The strengths of this study were having community health agents accompany our researchers and communicate with participants in the national language of Portuguese.

This already established connection provided participants with a sense of familiarity and safety about personal information. The involvement of community health agents further developed a sense of rapport and grew existing health networks within the community.

Participants’ openness during the study is suggested by a low rate of missing survey data.

The findings presented in this study should be interpreted in the context of some limitations. Underreporting may still exist because of fear of retaliation, of being discovered, shame, or women who have died from intimate partner violence.[1047]

Convenience sampling may have produced unmeasured bias and a sample not representative of the population, especially in a heterogeneous population. [48] Using multistage cluster sampling methods in future studies may result in a more representative sample to allow for generalizability of results. [19]

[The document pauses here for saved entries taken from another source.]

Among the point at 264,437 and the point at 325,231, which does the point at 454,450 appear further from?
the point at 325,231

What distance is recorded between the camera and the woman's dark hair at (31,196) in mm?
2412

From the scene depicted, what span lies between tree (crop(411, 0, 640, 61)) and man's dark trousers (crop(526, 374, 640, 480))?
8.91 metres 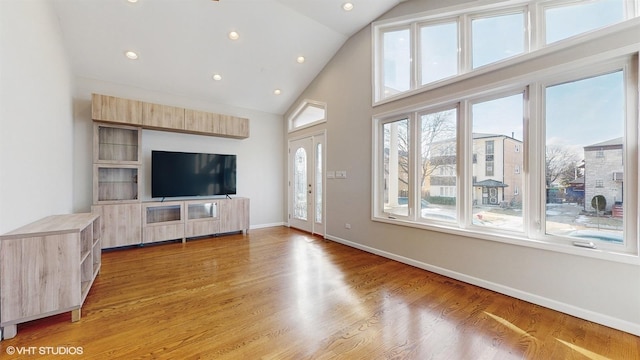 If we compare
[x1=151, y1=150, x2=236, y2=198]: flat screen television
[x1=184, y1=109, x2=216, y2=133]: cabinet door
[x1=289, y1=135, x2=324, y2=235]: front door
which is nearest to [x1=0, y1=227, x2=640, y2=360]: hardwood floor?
[x1=151, y1=150, x2=236, y2=198]: flat screen television

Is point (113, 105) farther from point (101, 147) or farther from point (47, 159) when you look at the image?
point (47, 159)

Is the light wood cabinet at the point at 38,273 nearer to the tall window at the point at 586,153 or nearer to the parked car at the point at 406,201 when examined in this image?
the parked car at the point at 406,201

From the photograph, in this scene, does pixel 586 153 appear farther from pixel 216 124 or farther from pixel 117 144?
pixel 117 144

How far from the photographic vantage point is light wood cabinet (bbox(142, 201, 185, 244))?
4.35 metres

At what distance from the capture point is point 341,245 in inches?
178

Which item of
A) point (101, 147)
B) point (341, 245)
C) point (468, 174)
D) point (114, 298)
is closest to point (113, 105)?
point (101, 147)

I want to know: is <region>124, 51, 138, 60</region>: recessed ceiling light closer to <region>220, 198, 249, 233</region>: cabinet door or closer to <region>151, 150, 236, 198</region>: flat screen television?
<region>151, 150, 236, 198</region>: flat screen television

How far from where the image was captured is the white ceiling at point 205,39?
11.3 ft

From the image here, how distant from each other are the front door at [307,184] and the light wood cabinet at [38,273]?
3705 millimetres

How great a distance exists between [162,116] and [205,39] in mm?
1536

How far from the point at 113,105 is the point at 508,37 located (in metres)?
5.51

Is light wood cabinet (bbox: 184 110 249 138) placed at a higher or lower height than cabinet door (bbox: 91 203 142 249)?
higher

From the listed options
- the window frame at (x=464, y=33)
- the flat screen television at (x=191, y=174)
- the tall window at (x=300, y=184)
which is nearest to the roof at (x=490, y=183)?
the window frame at (x=464, y=33)

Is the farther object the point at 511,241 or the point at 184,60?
the point at 184,60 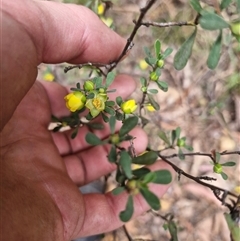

The median age of our participant population was 51 years and were unemployed, which may reflect the time survey data were collected (between the 8am and 5pm on weekdays) to minimize contact with working spouses.

However, this also meant that working women may have been inadvertently excluded due to the sampling method. This study is also limited by the use of cross-sectional data that highlight associations but not causations.

Our findings were also not tracked in time to evaluate associations between IPVAW and changes related to participants’ age, relationships with their partners, and societal changes. Lastly, the questionnaire was aimed at women who survived violence. Self-reporting behavior influences the data collected and may still lead to underreporting.

The findings from this study demonstrates IPVAW is a problem affecting the majority of women in this community. The sociodemographic associations are not entirely consistent with other studies in Brazil and other LMIC. Larger studies are needed to understand why this community is particularly vulnerable to IPVAW.